- [Dataset excerpt]:
··········

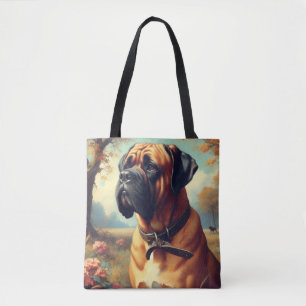 Vintage Bullmastiff Painting Tote Bag
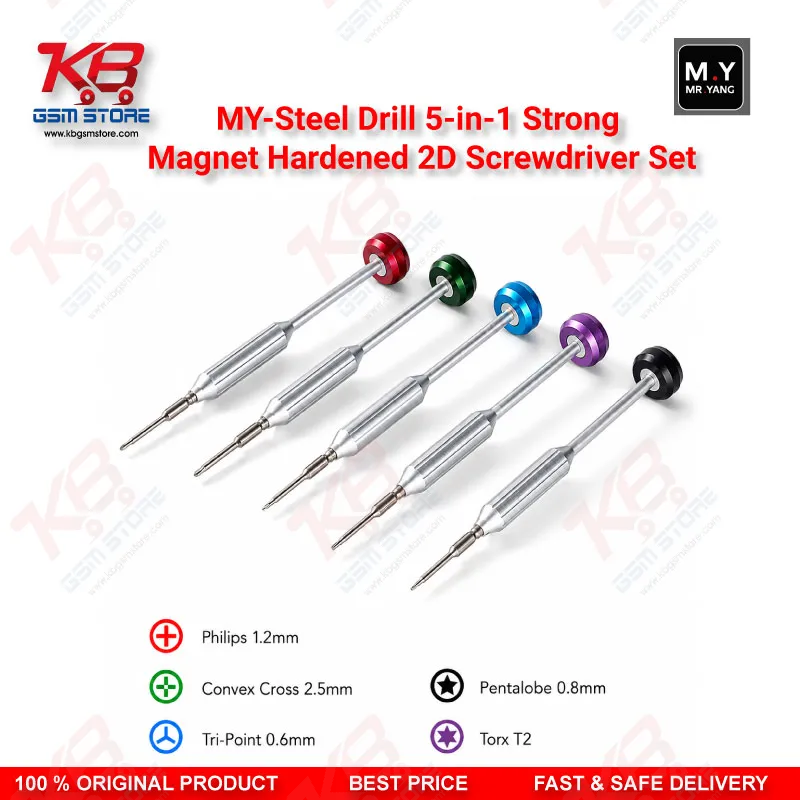 MY-Steel Drill 5-in-1 Magnetic Hardened Screwdriver Set – Repair Bench Tool for Technicians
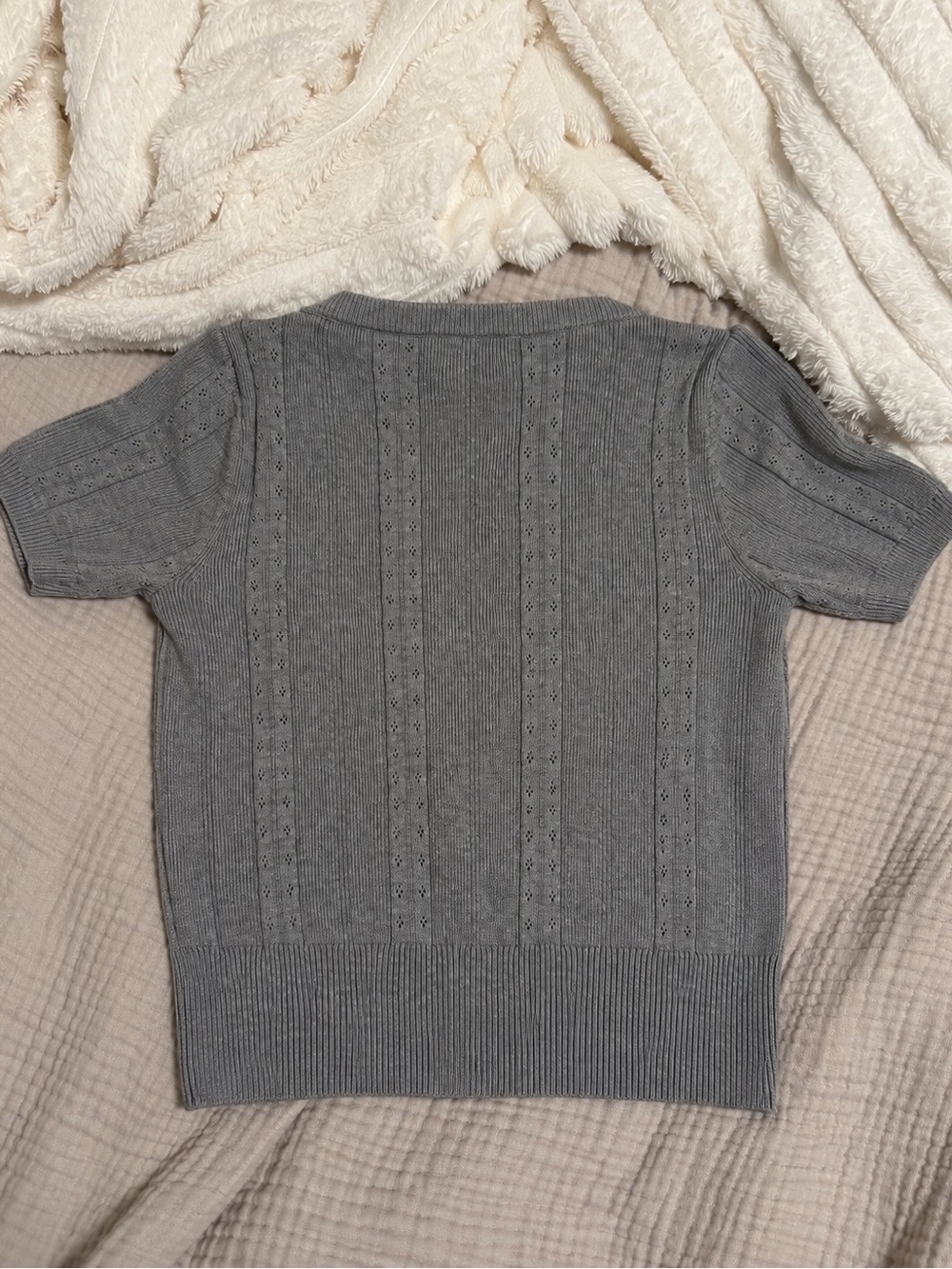 Brandy Melville Grey Pointelle Button-Up Knit Top NWT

··········

- [Assignment]:
Write the listing out in full, exactly; no images.

- [Answer below]:
 Vintage Bullmastiff Painting Tote Bag
 MY-Steel Drill 5-in-1 Magnetic Hardened Screwdriver Set – Repair Bench Tool for Technicians
 Brandy Melville Grey Pointelle Button-Up Knit Top NWT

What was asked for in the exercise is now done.